EXCERPTED RECORDS:
————

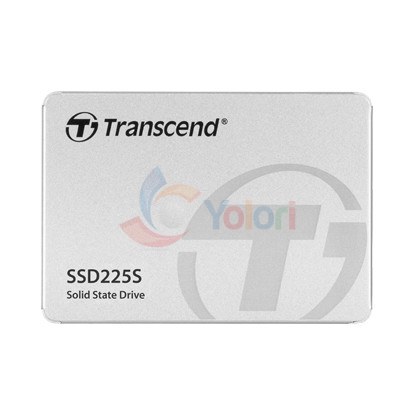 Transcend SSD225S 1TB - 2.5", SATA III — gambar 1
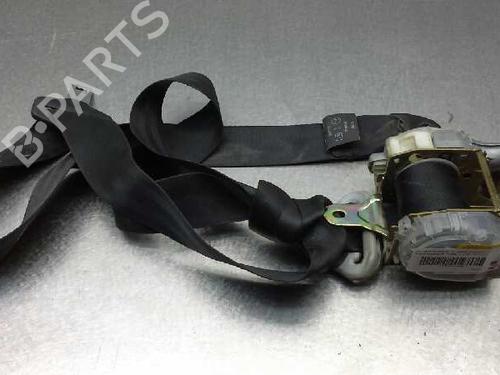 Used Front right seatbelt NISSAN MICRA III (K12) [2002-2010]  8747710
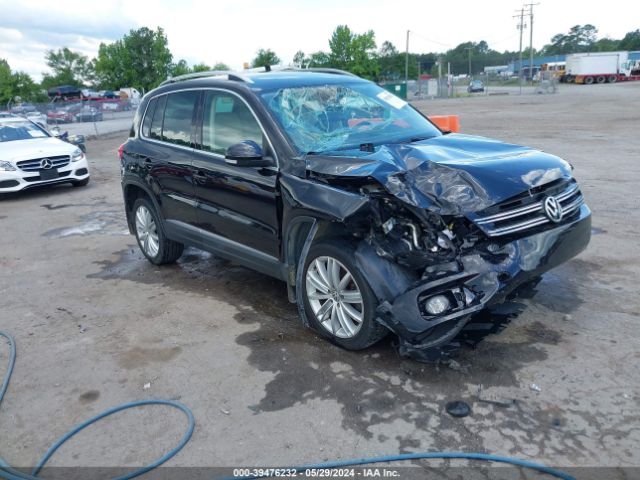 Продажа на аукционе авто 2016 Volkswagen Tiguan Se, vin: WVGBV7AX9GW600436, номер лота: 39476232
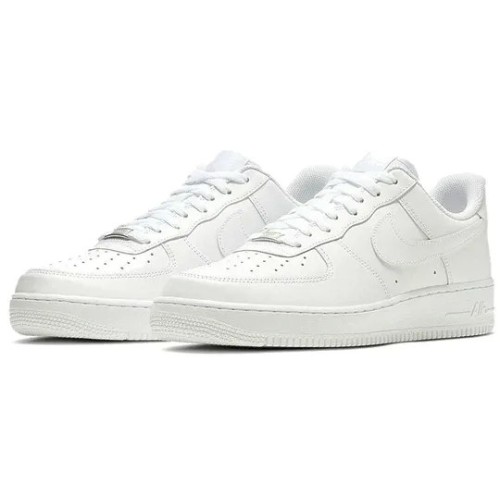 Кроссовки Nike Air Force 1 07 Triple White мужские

————

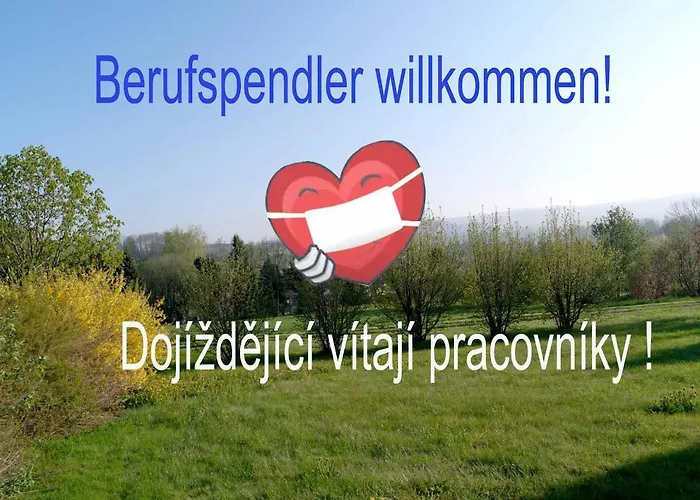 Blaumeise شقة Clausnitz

————

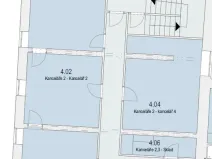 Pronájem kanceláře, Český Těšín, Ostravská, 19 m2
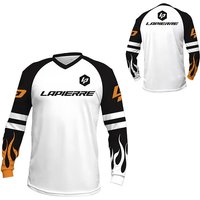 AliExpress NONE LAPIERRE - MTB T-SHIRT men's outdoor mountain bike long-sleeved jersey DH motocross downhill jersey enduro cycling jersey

————

AIM OF THE TASK:
Precisely those lines above that run from the line with "Pronájem kanceláře, Český" up to and including the line with "AliExpress NONE LAPIERRE" are to be set down, with the pictures omitted.

FINISHED EXERCISE:
 Pronájem kanceláře, Český Těšín, Ostravská, 19 m2
 AliExpress NONE LAPIERRE - MTB T-SHIRT men's outdoor mountain bike long-sleeved jersey DH motocross downhill jersey enduro cycling jersey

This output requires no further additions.